(Spatial localization data)
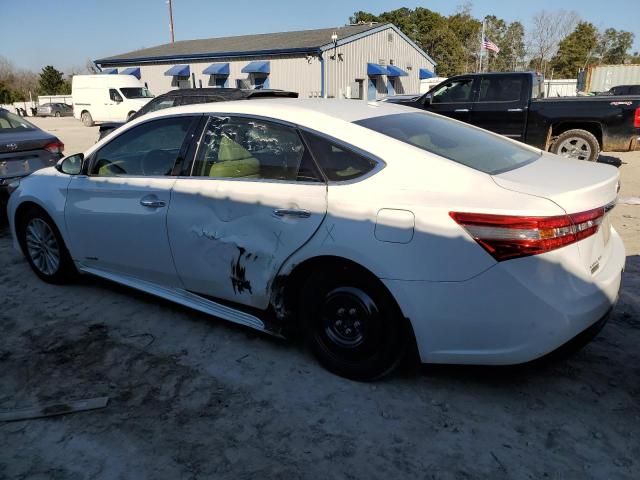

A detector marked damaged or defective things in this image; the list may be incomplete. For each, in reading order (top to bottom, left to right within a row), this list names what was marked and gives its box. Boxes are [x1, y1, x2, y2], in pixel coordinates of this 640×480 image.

cracked door panel [168, 116, 328, 308]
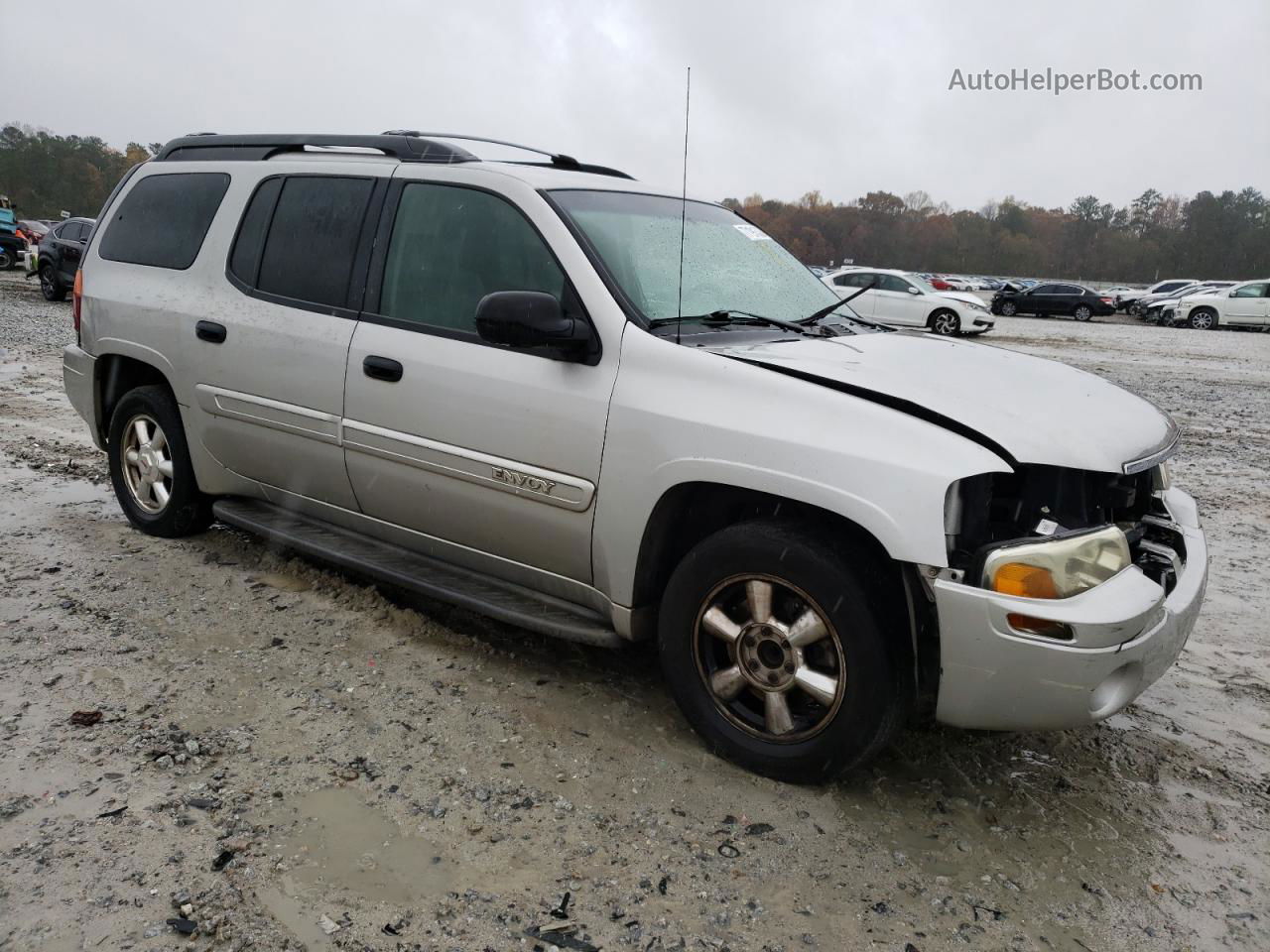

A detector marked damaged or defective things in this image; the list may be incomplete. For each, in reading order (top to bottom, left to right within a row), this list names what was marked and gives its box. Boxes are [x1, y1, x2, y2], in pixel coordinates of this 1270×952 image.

exposed headlight housing [980, 525, 1132, 599]
cracked front bumper [929, 492, 1204, 731]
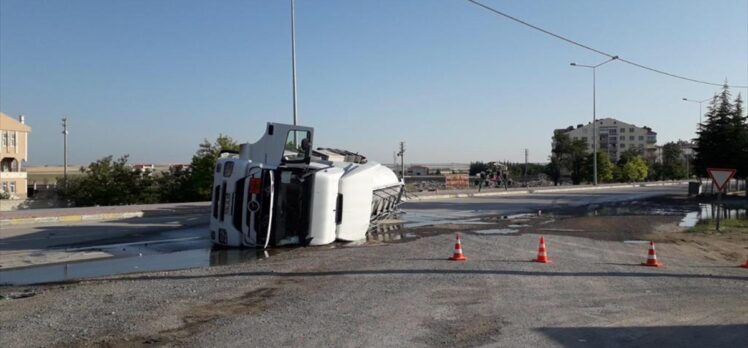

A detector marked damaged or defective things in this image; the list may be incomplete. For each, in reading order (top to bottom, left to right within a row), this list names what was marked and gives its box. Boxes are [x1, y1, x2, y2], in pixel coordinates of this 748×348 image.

overturned white tanker truck [207, 122, 406, 247]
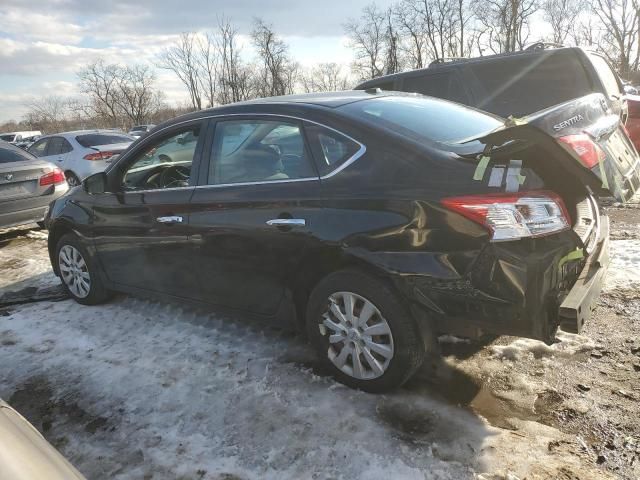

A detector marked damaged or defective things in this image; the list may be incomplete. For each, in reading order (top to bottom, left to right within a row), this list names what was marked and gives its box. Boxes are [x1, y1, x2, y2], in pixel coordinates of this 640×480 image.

broken taillight [39, 167, 66, 186]
broken taillight [556, 134, 608, 170]
wrecked vehicle [42, 92, 636, 392]
broken taillight [440, 190, 568, 242]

Work required. Print all entries exactly, without images.

Solution to this problem.
A detector marked damaged or defective things in this image; the list may be incomplete. For each, in reading order (top to bottom, left to right within a row), this list names what was marked and gives its box. Boxes are [x1, y1, x2, y2], in pixel coordinates of this 640×480 image.

cracked door panel [168, 116, 328, 308]

A detector marked damaged or defective things in this image; the list may be incomplete. For each, in reading order (top to bottom, left to right within a row), this list names what was marked and gives its box. Boxes are [x1, y1, x2, y2], in pixel coordinates of this 1270×952 image.

exposed headlight housing [980, 525, 1132, 599]
cracked front bumper [929, 492, 1204, 731]

A detector marked damaged or defective things in this image; the list may be incomplete. For each, in reading order (top to bottom, left to right within a row), this list names what was marked and gives its box. Boxes are [x1, y1, x2, y2], in pixel coordinates of this 748×348 image.

overturned white tanker truck [207, 122, 406, 247]

A detector marked damaged or defective things in this image; the list may be incomplete. For each, in reading order (top to bottom, left to right within a row), this list names what was marked and gives its box. Boxes are [x1, y1, x2, y2], in pixel coordinates of this 640×480 image.

broken taillight [39, 167, 66, 186]
broken taillight [556, 134, 608, 170]
wrecked vehicle [42, 92, 636, 392]
broken taillight [440, 190, 568, 242]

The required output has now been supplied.